My personal opinion is that there is a definite time for opinions! When we do things the right way, such as work hard to lead with questions, and help the customer through his or her decision for change, the customer is often looking for an opinion. We should be offering those opinions! I’ve actually figured out ways to trick salespeople who won’t offer an opinion on a product I’m looking to buy. I’ll ask them, “If this was for you, or a family member, which would you choose,” and an opinion emerges right away. I’ve actually used this “trick” recently, and when the salesperson blurted out a response, he placed his hand over his mouth as if he had done something wrong! I told him; “Fine; that’s the one I’m buying.” Amazingly enough, he seemed perturbed while writing up the sale, apparently frustrated by my tactic to seek out his opinion!
To be clear, it is not okay to inject your opinion and dictate customer problems or customer needs in previous stages of the selling cycle. It is okay to be opinionated when it comes time to recommend a solution. It is even okay to show some enthusiasm for the recommendation you are making. Which approach would you prefer as a customer, if you were preparing to make a major decision:
Seller: “I think this particular feature is pretty good and should take care of that particular need.”
Seller: “I think this particular feature is outstanding and, in my opinion, will work beautifully to take care of that particular need.”
Now, it goes without saying that we actually have to sincerely have this opinion of your product, and the solution you are backing is one you truly believe in. If that’s the case, and I sure hope it is, you do not need to be shy in letting the customer hear this. Remember, the customer is often struggling with the biggest obstacle in any buying decision; the fear of change. If you are not excited and opinionated about the solution you are recommending, why would the customer be?

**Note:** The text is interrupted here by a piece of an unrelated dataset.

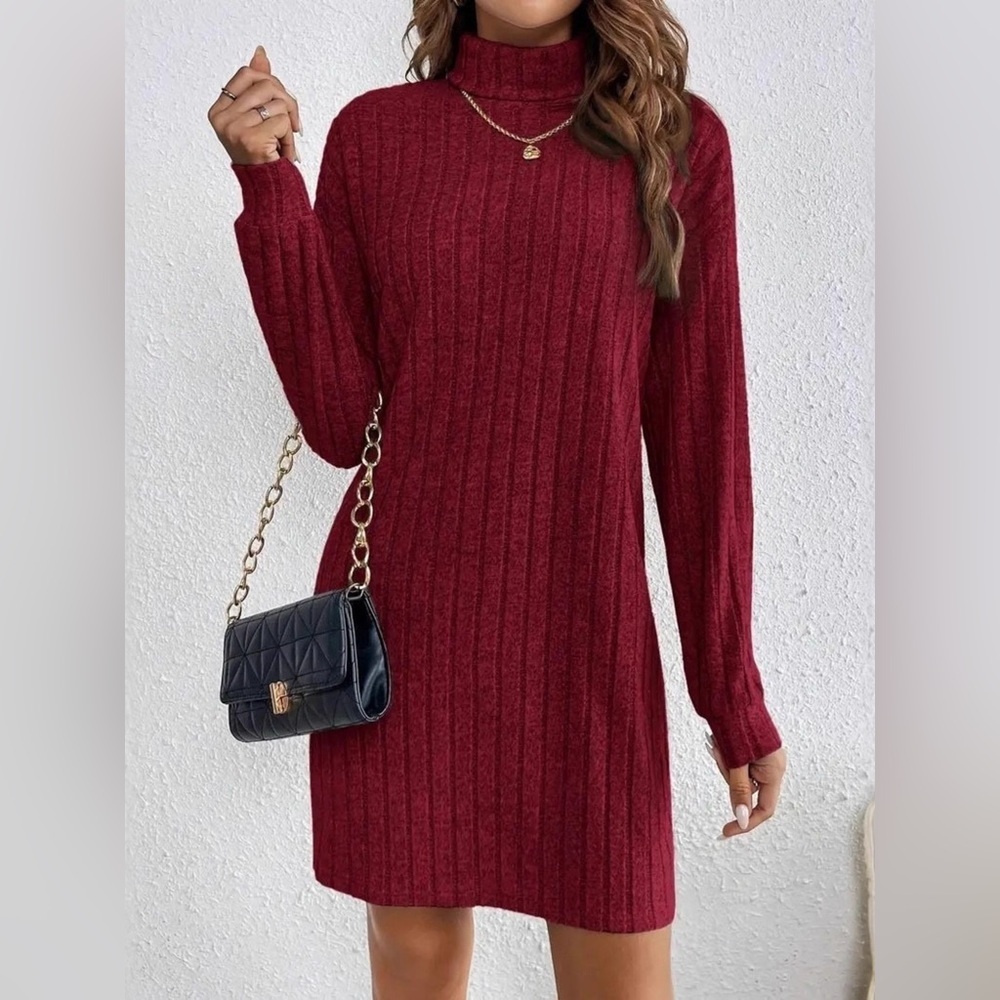 Ribbed Knit Turtleneck Mini Dress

The fact is, I think customers are quietly begging for you to have an opinion. There’s a lot that goes on before we’re at this stage, but once you’ve come this far, your opinion matters and it reduces the anxiety of the customer. It’s also one of the kindest moves you can make for a customer. You must remember this; the next move for that customer may very well be to have a sense of buyer’s remorse. When this happens, the customer won’t just hear his or her shaky voice questioning the decision that was made, but also your steady, opinionated voice giving the thumbs up to that recent purchase. Now that’s a voice we all need to hear.